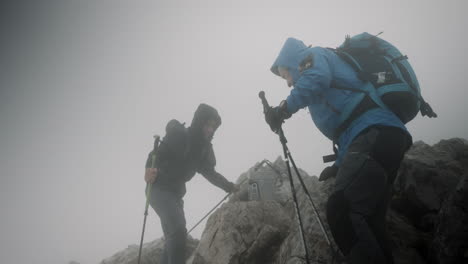 two hikers reaching top of the mountain stol, taking a rest in windy conditions and low cloud cover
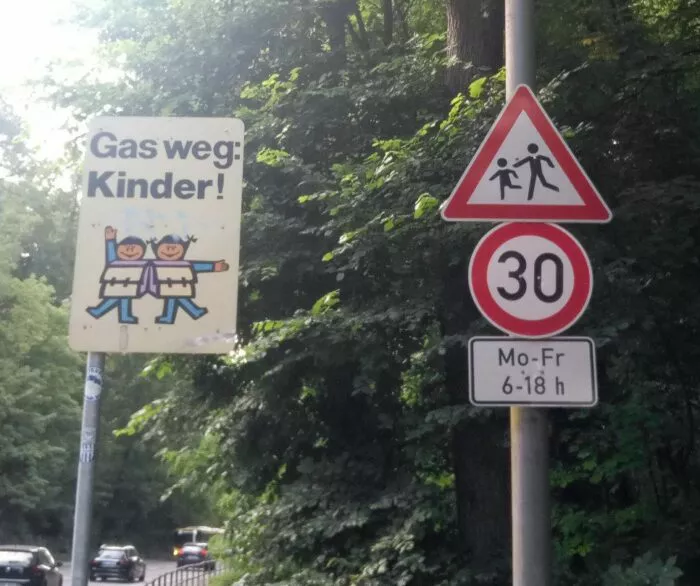 Achtung Kinder und Tempolimit-Schild mit einschränkenden Uhrzeiten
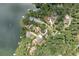 A birdseye view displays multiple houses with docks, nestled in a community along the lake at 307 Little Hickory Ln, Woodstock, GA 30189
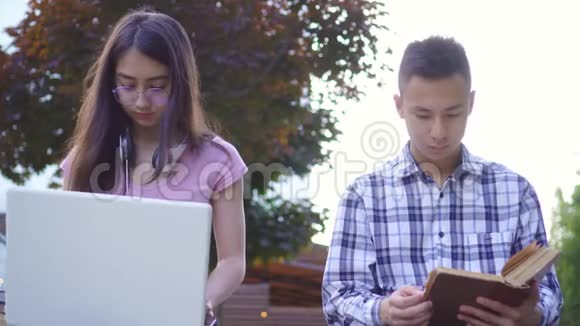 带书的年轻亚裔男学生和带笔记本电脑的年轻亚裔女性视频的预览图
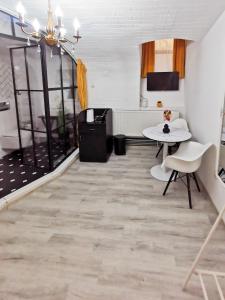 a living room with a table and chairs at Portos Boutique in Old Town Center in Braşov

==*==

_Task to complete:_ The line that contains "Achtung Kinder und" opens the part to copy, and the last line of the records closes it; set down those lines exactly, pictures excluded.

_Your solution:_
 Achtung Kinder und Tempolimit-Schild mit einschränkenden Uhrzeiten
 A birdseye view displays multiple houses with docks, nestled in a community along the lake at 307 Little Hickory Ln, Woodstock, GA 30189
 带书的年轻亚裔男学生和带笔记本电脑的年轻亚裔女性视频的预览图
 a living room with a table and chairs at Portos Boutique in Old Town Center in Braşov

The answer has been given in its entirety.